“Come motociclista alle prime armi era fantastico poter andare in un circuito e poter veramente mettere alla prova la moto. Sai che tutto si svolge in sicurezza e sai che tutto andrà bene.”
Con queste parole un campione del mondo come Casey Stoner ha aperto una campagna in favore della sicurezza stradale. Considerata la presenza, sul nostro territorio, di uno dei circuiti più prestigiosi e ben fa
tti di tutti i tempi e in tutto il mondo, l'Enzo e Dino Ferrari di Imola, sarebbe opportuno utilizzarlo maggiormente per il pubblico amatoriale. Dato che purtroppo non sempre è chiara a tutti i motociclisti la differenza tra il circuito e la strada (men che meno lo è per chi in moto non ci va) e che proprio per questo bisognerebbe incentivare il più possibile la scoperta e l’uso degli autodromi, soprattutto per chi è più giovane e quindi manca ancora di quelle esperienze che possono aiutare a capire la pericolosità ed i rischi legati alla velocità.
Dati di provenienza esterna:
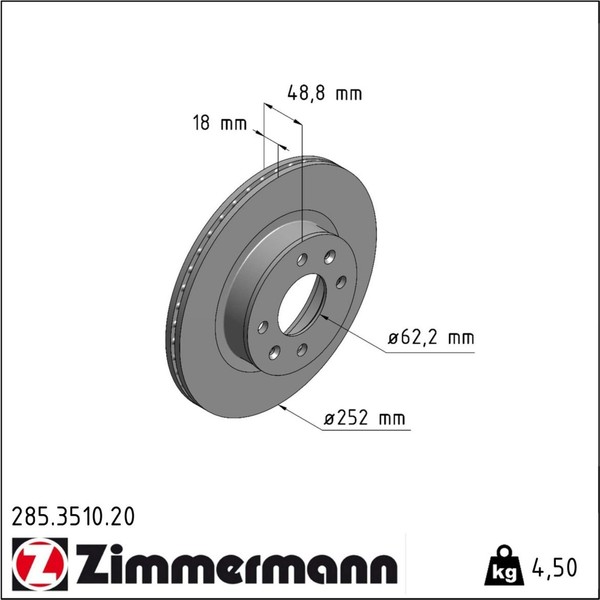 2X Zimmermann 285.3510.20 Bremsscheibe FüR Hyundai KIA Picanto I10 SA PA BA IA-image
Questa pagina si pone quindi lo scopo di incentivare la sicurezza del motociclista tramite l'uso della pista. In un autodromo, oramai divenuto a maggioranza pubblica (57% appartiene a ConAmi, società pubblica partecipata dal Comune di Imola), dove sono stati spesi 4 milioni di € di soldi pubblici per salvarlo dall'ultimo fallimento, pare quantomeno ragionevole che, gli stessi che hanno finanziato e salvato con le loro tasse negli anni questa attività, cioè i cittadini, ne chiedano qualche(seppur piccolo) beneficio a favore della sicurezza stradale loro e degli altri.